# Visibility



## Willi_H2O (Mar 6, 2009)

A Bayliner pleasure craft was probably traveling 30 to 50 mph
and was "in full plane" when it hit the kayaker.


http://www.heraldpalladium.com/articles/2011/07/18/local_news/5704565.txt

http://www.wndu.com/localnews/headlines/Kayaker_in_accident_on_Paw_Paw_Lake_125798683.html

Researchers at England's Heriot-Watt University studied the visibility of various signaling devices and found that folding flags were 
by far the most reliable and cost-effective location device tested.
Yellow was the most conspicuous color in all sea states, even with breaking waves and deteriorating light.
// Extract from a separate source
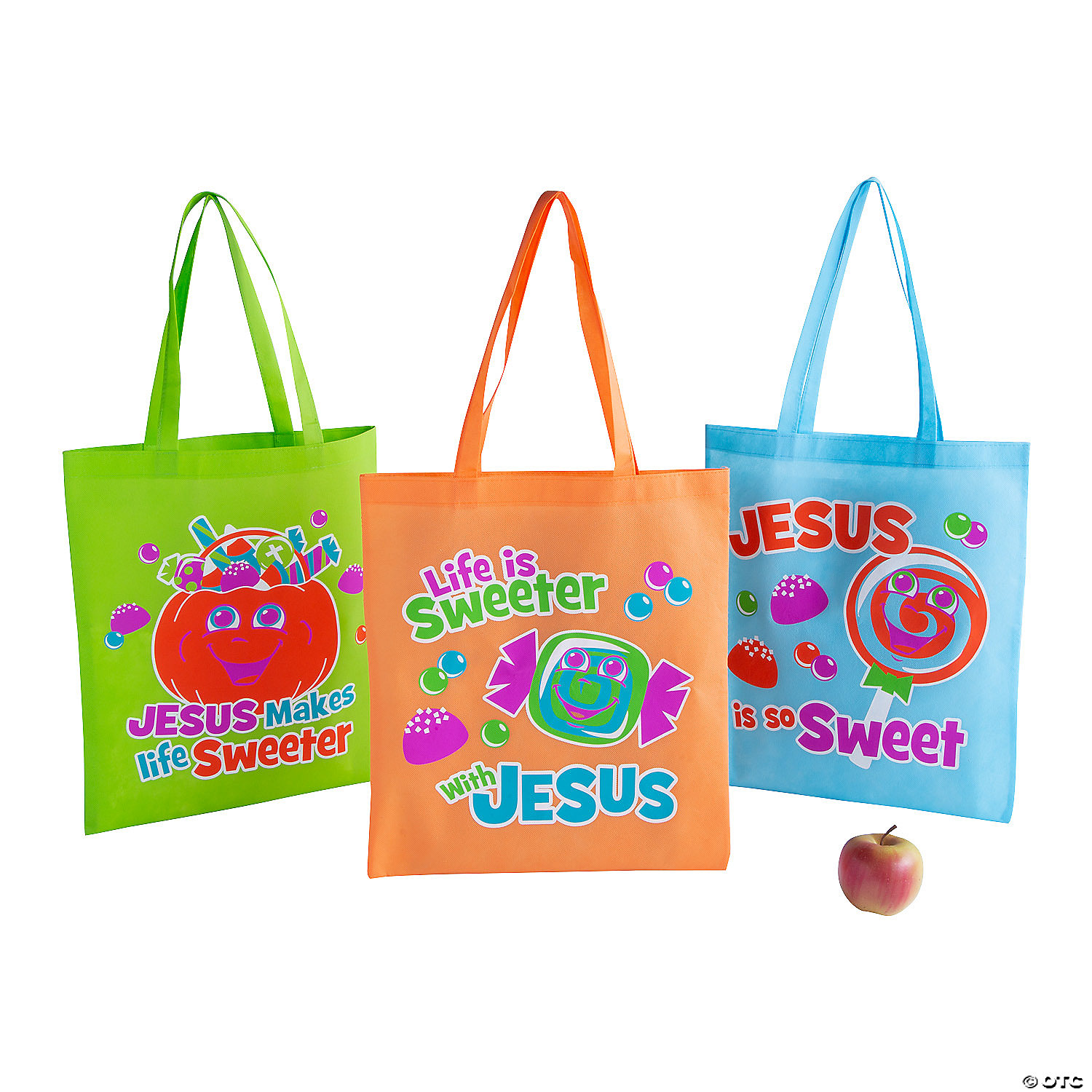 Large Truth & Treats Tote Bags - 12 Pc. 3 Large Truth & Treats Tote Bags - 12 Pc.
A day-glo yellow pennant was consistently spotted at 1.2 miles to 1.8 miles. Red and orange flags were only visible to a mile away.


----------



## bronc72 (Nov 25, 2008)

I like bright colored canoes, and pfds, and kayaks when I am in one of those. I want to be seen if I end up dumped and floating in the middle of a river or lake. Even more so , should I be unconscious an unable to call for help.


----------



## Flyfisher (Oct 1, 2002)

Unfortunately being visible wouldn't have helped in this case as the young powerboater was looking back trying to fix a battery issue (at full plane???)


----------